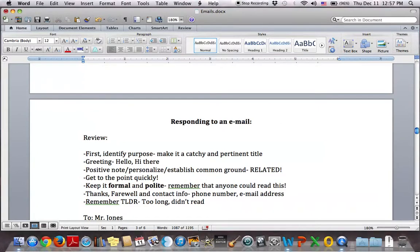Hello again, welcome to the third part of our session on emails. Today we're going to talk about how to respond to an email. We'll go through a couple of example emails and then I'll have a little bit of homework for you at the end, and I'll put one more video up after this just showing the answers to that homework. Let's get going.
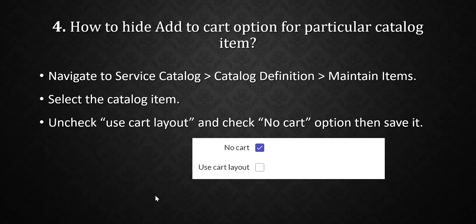There is a possibility that you will not get these two fields on your form. Both are out-of-the-box fields, so what you do is configure your form layout and drag these fields from the available side to the selected side. After saving, you will get both options, and that way you can hide the 'Add to Cart' option for a particular catalog item.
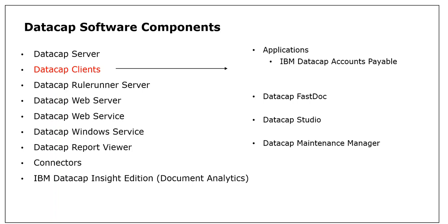that is for your invoices, and the other one is IBM DataCap Medical Claims. As the name suggests, it is for handling medical claims.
* * *
[Exercise aim]: The response must repeat all the lines above exactly and include no pictures.

[Response box]:
Hello again, welcome to the third part of our session on emails. Today we're going to talk about how to respond to an email. We'll go through a couple of example emails and then I'll have a little bit of homework for you at the end, and I'll put one more video up after this just showing the answers to that homework. Let's get going.
There is a possibility that you will not get these two fields on your form. Both are out-of-the-box fields, so what you do is configure your form layout and drag these fields from the available side to the selected side. After saving, you will get both options, and that way you can hide the 'Add to Cart' option for a particular catalog item.
that is for your invoices, and the other one is IBM DataCap Medical Claims. As the name suggests, it is for handling medical claims.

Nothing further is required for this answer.